Power to the Congress

January 05, 1995

In an atmosphere of anticipation comparable to the inauguration of a new president, Republicans are now in control of both houses of Congress for the first time in 40 years. This is in truth a revolution, one of Speaker Newt Gingrich's favorite words, for it signifies more than a shift in party domination. It is the culmination of a trend, going back to Vietnam and Watergate, in which the balance of power in Washington has shifted steadily from the executive to the legislative branch.

The pendulum will swing again, as it has before in American history, but for the next two years and perhaps many more the national agenda will be set as much on Capitol Hill as at the White House.

Yesterday's tableau in Washington was instructive: Mr. Gingrich delivering a speech that in sweep and ambition was nothing less than presidential; Senate Republican leader Bob Dole playing second fiddle to upstart House conservatives determined to keep chipping away at Senate prerogatives; President Clinton choppering in from Arkansas having been reduced, for the moment, almost to an irrelevancy.

All this is cause for celebration among those who believe legislative government automatically means less government. But does it? A young history professor, Woodrow Wilson, once warned that an all-powerful Congress could become a cabal capable of originating, shaping and executing policy without any one person having the presidential authority to represent the whole country.

Complaints about an "imperial presidency," a popular term for the period between Franklin D. Roosevelt's ascendancy and Richard Nixon's downfall, resonated in Washington two decades ago. That it was most on the lips of liberal Democrats is today a forgotten irony.
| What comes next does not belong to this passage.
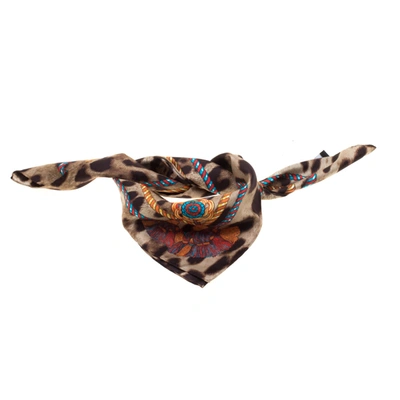 Pre-owned Dolce & Gabbana Brown Leopard And Tassel Print Silk Square Scarf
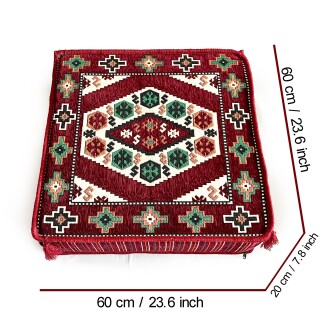 Shark Anatolia Şark Köşesi Masası Puf Yörük Bordo - 4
Assaults on presidential power and mockery of the bipartisan traditions that enhanced that power are today the preserve of conservative radio talk-show hosts.

Gingrich Republicans would have us believe that they are as much opposed to an imperial Congress as they are to an imperial presidency. Are they not cutting down the number or committees and staffers? Are they not putting term limits on committee chairmen and the speaker himself? Are they not for shifting authority from Washington to the states? The answers are yes and yes and yes. But Mr. Gingrich, himself a history teacher of high intellect, advocates not a shock Maoist revolution but an FDR-style incremental revolution.

This means the immense federal government that has grown up over the past 60 years will be whittled down only marginally, despite the verbal overkill that will accompany the process. And though President Clinton and his successors will have formidable authority, more and more power may pass to a Congress, in Wilson's words, that "will inquire into everything, settle everything, meddle in everything." Once such a despotic institution gets rolling, it will take a mighty strong president to set things right.